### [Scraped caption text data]
========================
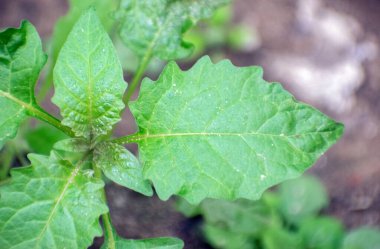Bahçede yemyeşil yaprakları olan Solanum memphiticum yeşil yaprakları.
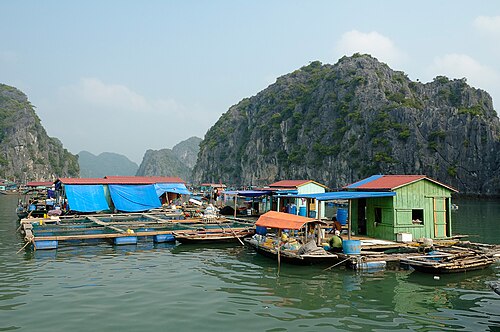 Ha Long Bay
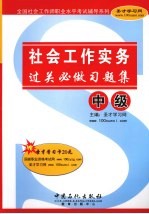 社会工作实务（中级）过关必做习题集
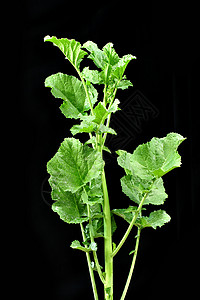 芥菜背景蔬菜芸苔营养绿色黑色食物草本植物树叶植物图片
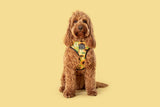 Big and Little Dogs Reversible Harness Sunny Vibes - Premium hondentuig > honden harnas from Big and Little Dogs - Just €27.99! Shop now at Frenkiezdogshop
========================
### [REQUIRED WORK]
Drop the images and return the data verbatim.

### [RESULT OF THIS TASK]
Bahçede yemyeşil yaprakları olan Solanum memphiticum yeşil yaprakları.
 Ha Long Bay
 社会工作实务（中级）过关必做习题集
 芥菜背景蔬菜芸苔营养绿色黑色食物草本植物树叶植物图片
 Big and Little Dogs Reversible Harness Sunny Vibes - Premium hondentuig > honden harnas from Big and Little Dogs - Just €27.99! Shop now at Frenkiezdogshop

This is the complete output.